About the team
NVIDIA has continuously reinvented itself over two decades. Our invention of the GPU in 1999 sparked the growth of the PC gaming market, redefined modern computer graphics, and revolutionized parallel computing. More recently, GPU deep learning ignited modern AI — the next era of computing. NVIDIA is a 'learning machine' that constantly evolves by adapting to new opportunities that are hard to solve, require parallel computing, and have a big impact. This is our life's work to amplify human imagination and intelligence.

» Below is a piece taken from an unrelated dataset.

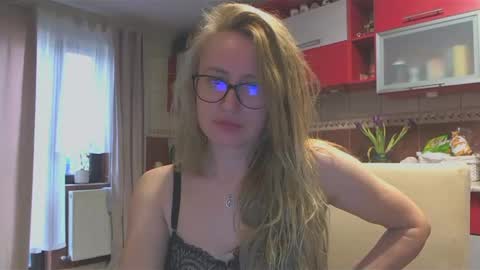 Snapshot of melly_rosey chatting on 03-11-25, 07:58 Melly online show from 03-11-25, 07:58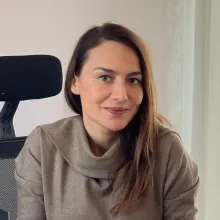 Prof. Dr. Ceren Günel — Kulak Burun Boğaz, Aydın. Portre fotoğrafı.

We are building a new team to drive the architecture and development of systems software and solutions that enable researchers and developers to easily and effectively utilize NVIDIA's state-of-the-art AI infrastructure and products. We need passionate, hardworking, and creative people to help us build a world-class system!
What you'll be doing:
- Designing and implementing distributed systems software for large-scale AI infrastructure.
- Developing software for scheduling and resource management across many GPUs and servers.
- Optimizing performance and ensuring low-latency operation of critical AI workloads.
- Collaborating with hardware and software teams to integrate new technologies and improve overall system efficiency.
- Debugging and resolving complex issues in a distributed environment.
- Participate in architectural discussions, design reviews, and code reviews.
What we need to see:
- BS or MS degree in Computer Science, Computer Engineering, or a related field (or equivalent experience).
- 8+ years of experience in software development, with a focus on system-level programming.
- Expertise in Python and C++.
- Strong background in distributed systems, including experience with scheduling, resource management, and inter-process communication.
- Solid understanding of Linux operating systems, including kernel-level programming concepts.
- Experience with performance optimization and debugging tools.
- Proven ability to work independently and as part of a collaborative team.
Ways to stand out from the crowd:
- Experience with CUDA programming.
- Familiarity with containerization technologies (e.g., Docker, Kubernetes) and workload managers (e.g., SLURM).
- Understanding of machine learning frameworks and workflows.
- Experience with cloud technologies (e.g., AWS, Azure, GCP).
- Strong problem-solving skills and a passion for building high-performance, scalable systems.